After almost six months, I finally found a spot where I could monkey patch a function to wrap it with a short circuit if the coordinates were out of bounds. Not only fixed the bug but made drag and drop several times faster. Couldn’t share this with the world because they weren’t accepting PRs against the old widgets.
I’ve worked harder on bug fixes, but I think that’s the longest I’ve worked on one.
Debugging errors in JS crypto and compression implementations that only occur at random, after at least some ten thousand iterations, on a mobile browser back when those were awful, and only if the debugger is closed/detached as opening it disabled the JIT was not fun.
It taught me to go into debugging with no assumptions about what can and cannot be to blame, which has been very useful later in even trickier scenarios.
This is why D, by default, initializes all variables. Note that the optimizer removes dead assignments, so this is runtime cost-free. D's implementation of C, ImportC, also default initializes all locals. Why let that stupid C bug continue?
Another that repeatedly bit me was adding a field, and neglecting to add initialization of it to all the constructors.
This is why D guarantees that all fields are initialized.
If native code calls back into Java, and the GC kicks in, all the objects the native code can see can be compacted and moved. So my implementation worked fine for all of the smaller test fixtures, and blew up half the time with the largest. Because I skipped a line to make it “go faster”.
I finally realized I was seeing raw Java objects in the middle of my “array” and changing the value of final fields into illegal pairings which blew everything the fuck up.
Level 2 systems programmer: "oh no, my memory allocator is a garbage collector"
For as painful as the debugging story was I have spent vastly more amounts of time working around garbage collectors to ship performant code.
( https://github.com/jemalloc/jemalloc/issues/1317 Unlike what the title says, it's not Windows-specific.)
(*): The application uses libc malloc normally, but at some places it allocates pages using `mmap(non_anonymous_tempfile)` and then uses jemalloc to partition them. jemalloc has a feature called "extent hooks" where you can customize how jemalloc gets underlying pages for its allocations, which we use to give it pages via such mmap's.

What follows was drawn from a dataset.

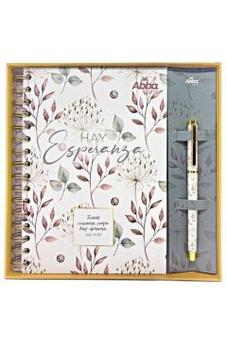 Pack Libreta y Bolígrafo: Hay Esperanza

Then the higher layers of the code that just want to allocate don't have to care whether those allocations came from libc malloc or mmap-backed disk file.
If there were 20million rooms in the world with a price for each day of the year, we’d be looking at around 7billion prices per year. That’d be say 4Tb of storage without indexes.
The problem space seems to have a bunch of options to partition - by locality, by date etc.
I’m curious if there’s a commonly understood match for this problem?
FWIW with that dataset size, my first experiments would be with SQL server because that data will fit in ram. I don’t know if that’s where I’d end up - but I’m pretty sure it’s where I’d start my performance testing grappling with this problem.
[1]: https://github.com/microsoft/mimalloc/blob/dev/src/heap.c#L1...
The underlying sys crate provides the binding for mimalloc API like `mi_collect`: https://docs.rs/libmimalloc-sys/0.1.39/libmimalloc_sys/fn.mi...
“C programmers think memory management is too important to be left to the computer. LISP programmers think memory management is too important to be left to the user.”
But far better to just use integer cents.
Every OS will provide some mechanism to get more pages. But it turns out that managing the use of those pages requires specialized handling, depending on the use case, as well as a bunch of boilerplate. Hence, we also have malloc and its many, many cousins to allocate arbitrary size objects.
You're always welcome to use brk(2) or your OS's equivalent if you just want pages. The question is, what are you going to do with each page once you have it? That's where the next level comes in ...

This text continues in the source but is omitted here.